Published on Dec 17, 2015


Wireless Integrated Network Sensors (WINS) now provide a new monitoring and control capability for monitoring the borders of the country. Using this concept we can easily identify a stranger or some terrorists entering the border. The border area is divided into number of nodes. Each node is in contact with each other and with the main node. The noise produced by the foot-steps of the stranger are collected using the sensor.

This sensed signal is then converted into power spectral density and the compared with reference value of our convenience. Accordingly the compared value is processed using a microprocessor, which sends appropriate signals to the main node. Thus the stranger is identified at the main node. A series of interface, signal processing, and communication systems have been implemented in micro power CMOS circuits. A micro power spectrum analyzer has been developed to enable low power operation of the entire WINS system.

Thus WINS require a Microwatt of power. But it is very cheaper when compared to other security systems such as RADAR under use. It is even used for short distance communication less than 1 Km. It produces a less amount of delay. Hence it is reasonably faster. On a global scale, WINS will permit monitoring of land, water, and air resources for environmental monitoring. On a national scale, transportation systems, and borders will be monitored for efficiency, safety, and security.


Wireless Integrated Network Sensors (WINS) combine sensing, signal processing, decision capability, and wireless networking capability in a compact, low power system. Compact geometry and low cost allows WINS to be embedded and distributed at a small fraction of the cost of conventional wireline sensor and actuator systems. On a local, wide-area scale, battlefield situational awareness will provide personnel health monitoring and enhance security and efficiency. Also, on a metropolitan scale, new traffic, security, emergency, and disaster recovery services will be enabled by WINS. On a local, enterprise scale, WINS will create a manufacturing information service for cost and quality control.

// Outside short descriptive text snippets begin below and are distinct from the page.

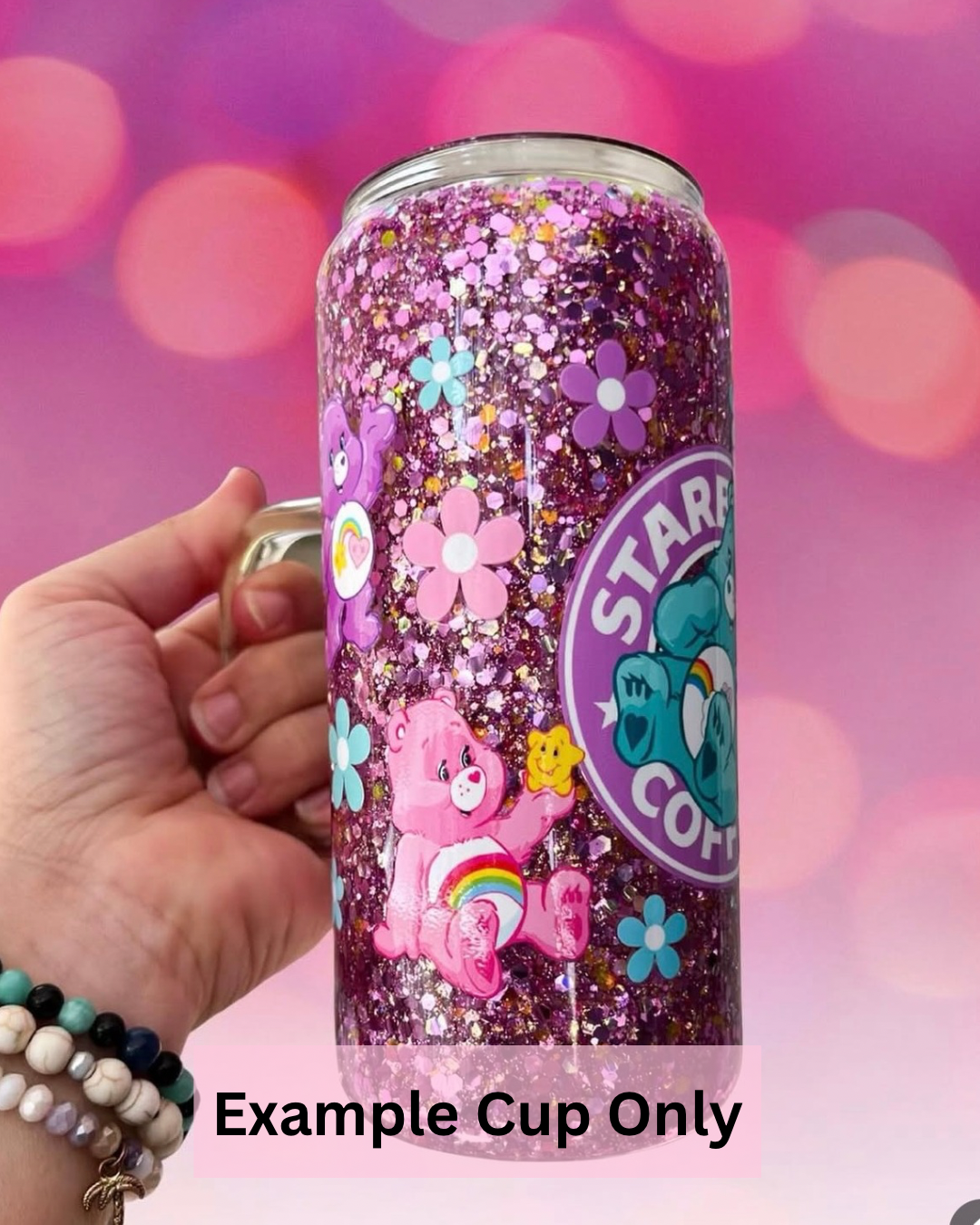 Cute sky Bears UV DTF 16oz CUP WRAP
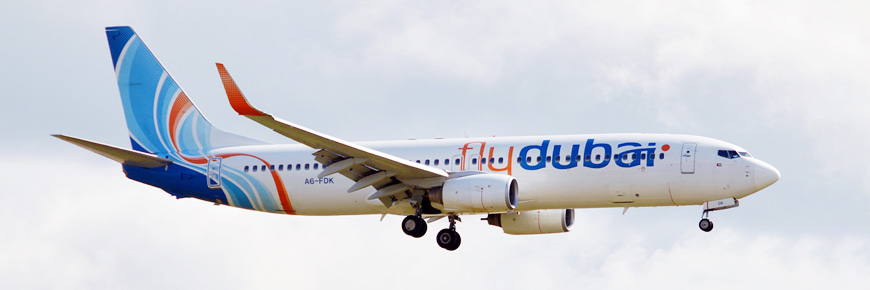 Рейсы flydubai из Терминала 3, Международный Дубай (DXB)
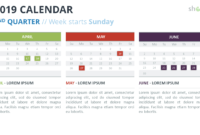 2019 Calendar Powerpoint Templates with regard to Microsoft Powerpoint Calendar Template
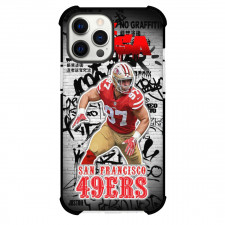 NFL Nick Bosa Phone Case For iPhone And Samsung Galaxy Devices - Nick Bosa 97 San Francisco 49ers Defensive Lineman Position Poster Art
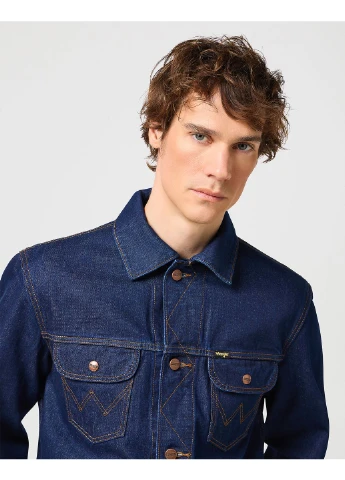 Синя куртка джинсова 124mj (112341042) Wrangler Regular Fit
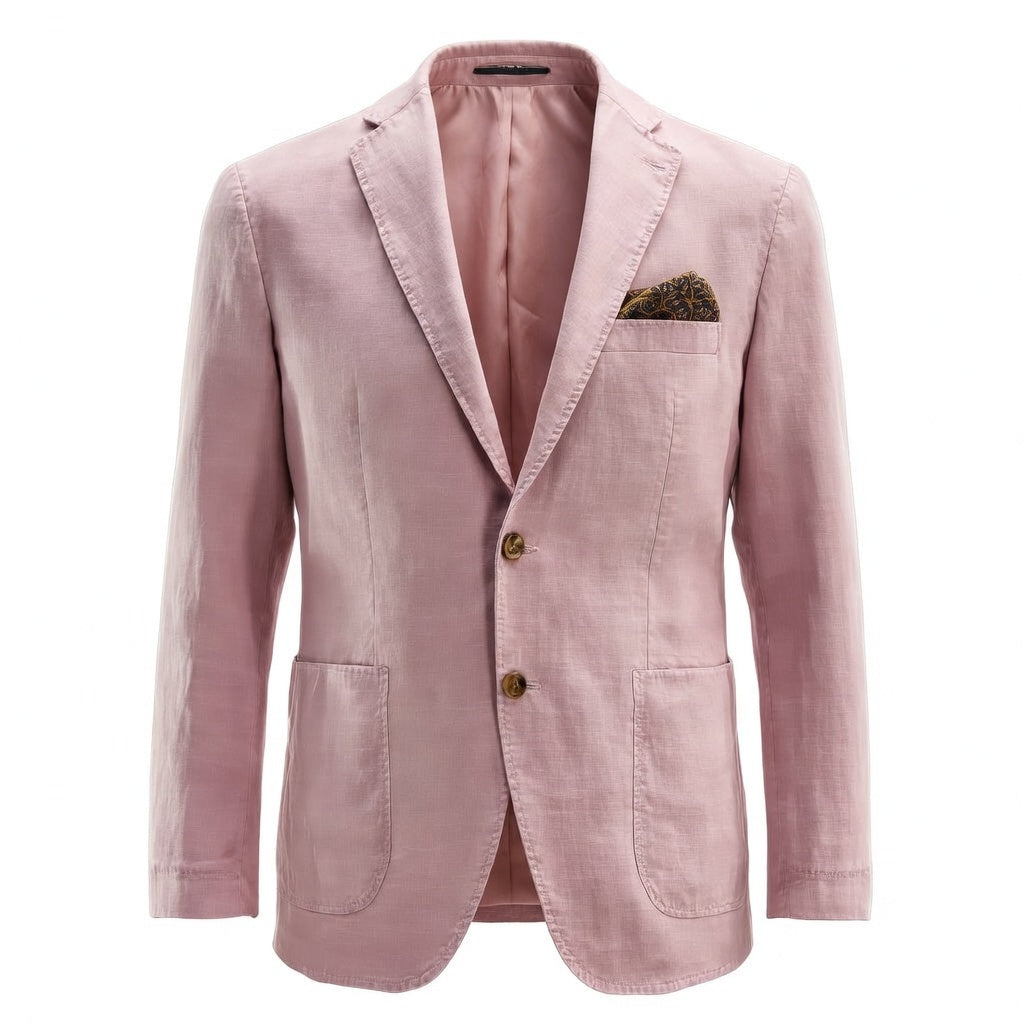 Linen Sport Coat Summer 1960s Style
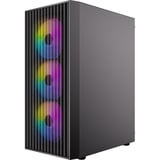 Antec AX27 RGB Elite midi tower behuizing Zwart | 3x USB-A | Tempered Glass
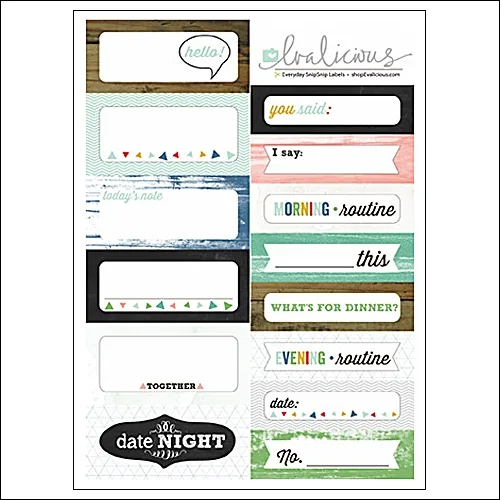 Evalicious Label Snipsnip Tags This Everday Collection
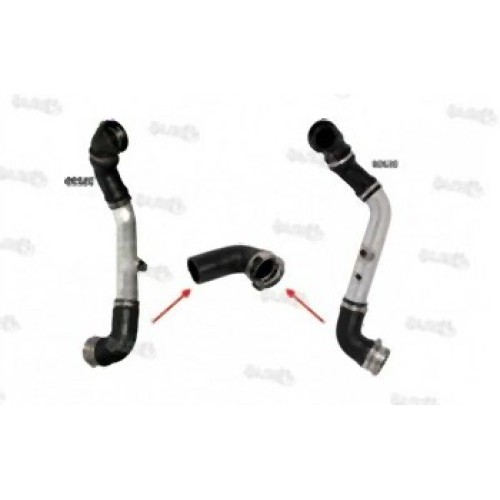 BMW E60 E61 M57N Turbo Intercooler خرطوم أسفل اليسار 11617799400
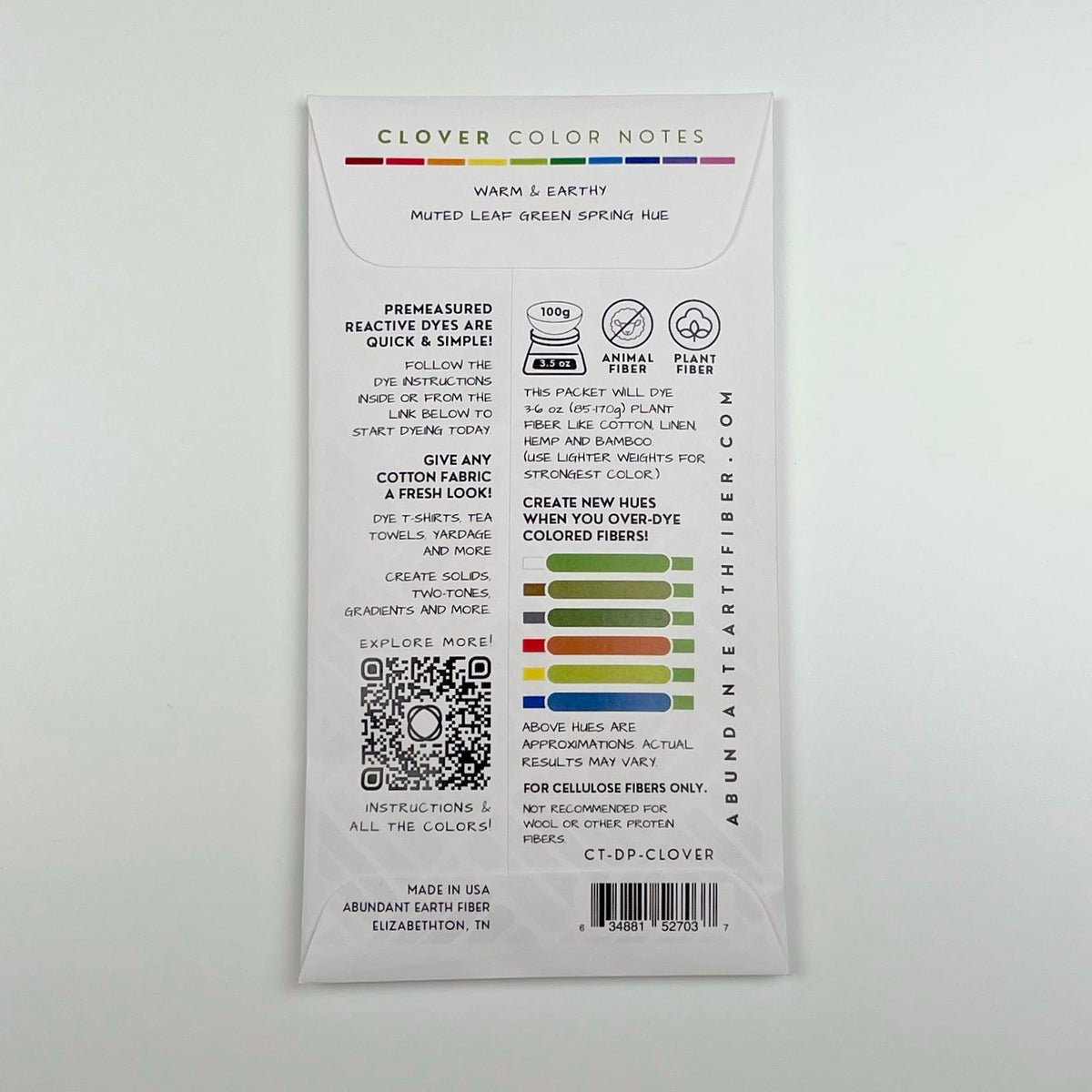 Cotton Tincture - Dye Pack - Clover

The opportunities for WINS depend on the development of scalable, low cost, sensor network architecture. This requires that sensor information be conveyed to the user at low bit rate with low power transceivers. Continuous sensor signal processing must be provided to enable constant monitoring of events in an environment. Distributed signal processing and decision making enable events to be identified at the remote sensor.

Thus, information in the form of decisions is conveyed in short message packets. Future applications of distributed embedded processors and sensors will require massive numbers of devices. In this paper we have concentrated in the most important application, Border Security.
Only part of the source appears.